**Assignment:** For this item, repeat the material exactly while omitting its pictures.

**The data:**
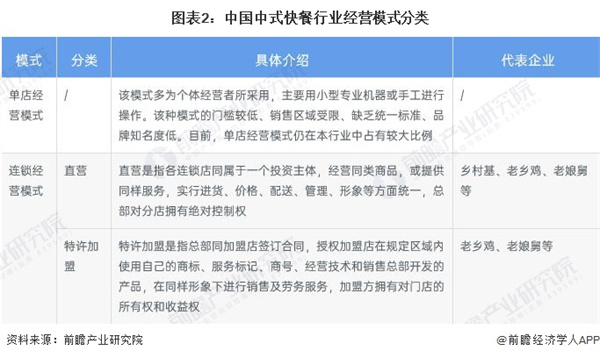 饭香老饭盒加盟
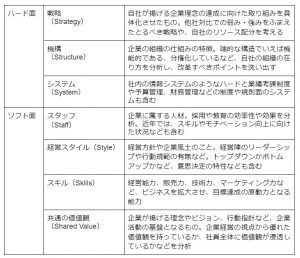 McKinsey-7s-list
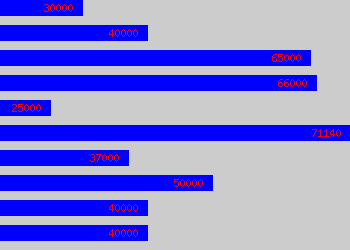 Graph of Senior Operations Manager salary data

**Your solution:**
 饭香老饭盒加盟
 McKinsey-7s-list
 Graph of Senior Operations Manager salary data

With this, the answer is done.